- Abelardo de La Espriella, da direita, teve 43,7% dos votos e Ivan Cepeda, da esquerda, ficou com pouco menos de 41% no primeiro turno, com mais de 97% apurados.
- O segundo turno está marcado para 21 de junho; o turnout foi baixo, com pouco mais da metade dos 41 milhões de eleitores aptos indo às urnas.
- De La Espriella, que nunca ocupou cargo eletivo, propõe ofensiva contra grupos armados, construção de dez megaprisões e redução da pobreza por meio de educação, saúde e moradia; foi comparado a Nayib Bukele.
- Cepeda, senador de 63 anos, havia liderado as pesquisas e promete negociar paz com grupos armados, ampliar reformas para reduzir desigualdade, taxar os ricos, distribuir 1 milhão de hectares a vítimas do conflito e ampliar a cobertura da saúde.
- A senadora Paloma Valencia, apoiada por ex-presidente Uribe, reconheceu a derrota e apoiará De La Espriella; o candidato afirma ter financiado a campanha com recursos próprios, sem doações de partidos ou grandes empresas.
O primeiro turno da eleição presidencial na Colômbia terminou neste domingo, com a disputa chegando ao segundo turno entre Abelardo de la Espriella e Iván Cepeda. O pleito ocorreu em todo o país, em meio a debates sobre segurança, economia e políticas populistas. O resultado inicial aponta uma corrida acirrada.
De la Espriella, um advogado de 47 anos sem mandato, teve 43,7% dos votos. Cepeda, senador de 63 anos e ativista histórico, ficou pouco abaixo, com cerca de 41%. A apuração ultrapassou 97% dos votos contabilizados pelo escritório nacional de registros colombiano.
Cepeda liderava as pesquisas antes do pleito, mas o cenário pode mudar no segundo turno. A participação foi baixa, com pouco mais da metade dos cerca de 41 milhões de eleitores aptos comparecendo às urnas.

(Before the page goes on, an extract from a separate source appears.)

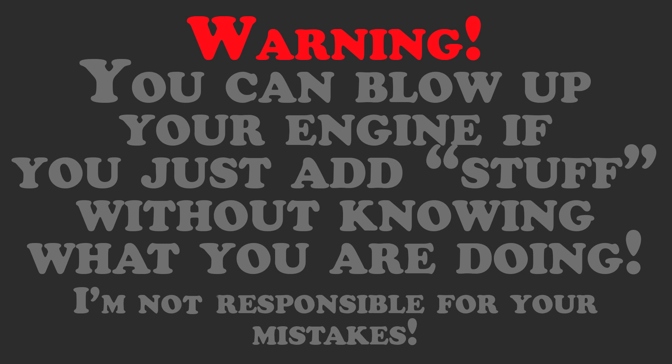Warning: you can blow up your engine if you just add stuff without knowing what you are doing. I'm not responsible for your mistakes.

Desdobramentos e próximos passos
Cepeda prometeu buscar paz com grupos armados por meio de negociações, além de ampliar reformas para reduzir desigualdade, com maior tributação sobre altas rendas e ampliação de programas de saúde e educação.
De la Espriella afirmou que financiará a campanha com recursos próprios e prometeu endurecer ações contra grupos armados ilegais, além de propor megaprisões e políticas de foco em educação e moradia para os pobres.
A senadora Paloma Valencia, apoiada pelo ex-presidente Álvaro Uribe, reconheceu a derrota e declarou apoio a De la Espriella no segundo turno. A eleição volta em 21 de junho, quando o país escolherá o futuro presidente.